À travers cette rage et cette peine, j’essaie de te faire honneur. Tu n’aurais pas voulu de mes larmes, tu souhaitais plutôt que je profite d’être ici, maintenant, entourée de ces enfants en grève qui m’énervent… mais que j’aime tant! On en aurait rit, justement. Tu voudrais que je savoure chaque instant avec mon mari, toi qui n’aies pas pu dire oui à l’homme de ta vie.

Véro et son amie Marie-Annick.

Tu avais peur que l’on t’oublie. Sois sans crainte, mon amie. 

Ton rire résonne dans ma tête chaque jour! On va se le dire, tu n’as pas toujours été sage! Tu avais ce doux mélange de maman-née et de petit ange cornu que je connais moi-même si bien! Tu étais à la fois puissante et douce, intelligente et remplie de folie. Tu es de ces humains qui laissent un sillon derrière eux, et j’ai bien envie de m’y laisser promener de temps en temps.

Je me rappelle t’avoir demandé comment tu faisais pour trouver la force de te relever et de continuer à te battre. Ta réponse était en fait une question lourde de sens: “Est-ce que j’ai vraiment le choix?”.

En réalité, personne ne t’en aurait voulu, tsé. Mais je comprends. Vivre. C’était la seule option. Jusqu’aux derniers instants, il n’y avait pas de plan B. Au fond, n’est-ce pas la seule façon de voir les choses?

Tu as tenu à m’offrir quelques dernières paroles. Parmi celles-ci: “Ne doute jamais du bien que tu fais autour de toi.” C’est un cadeau inestimable, et j’en fais maintenant aussi une responsabilité.

Véro dans le désert!
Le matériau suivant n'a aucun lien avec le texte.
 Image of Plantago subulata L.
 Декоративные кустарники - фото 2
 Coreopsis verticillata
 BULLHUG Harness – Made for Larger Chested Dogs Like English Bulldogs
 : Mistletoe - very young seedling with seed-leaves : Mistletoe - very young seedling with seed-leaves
Tu en étais fière.

Je ris, chante et danse!

Je célèbre les anniversaires et les fêtes pour les cadeaux qu’ils sont!

Je m’inquiète pour mes enfants, les accompagne, les aime.
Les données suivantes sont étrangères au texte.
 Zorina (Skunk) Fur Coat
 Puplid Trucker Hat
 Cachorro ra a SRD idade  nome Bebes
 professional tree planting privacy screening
Je chéris l’amour qui m’est offert et l’offre en retour.

Je grandis des difficultés.

Je joue, rêve et recommence!

Je partage la vie avec ceux qui font partie de la mienne.

J’ai 40 ans pour moi, pour toi, et pour tous ceux qui n’ont pas soufflé autant de bougies.

Bonne fête mon amie! Tu es encore ici, tu vois?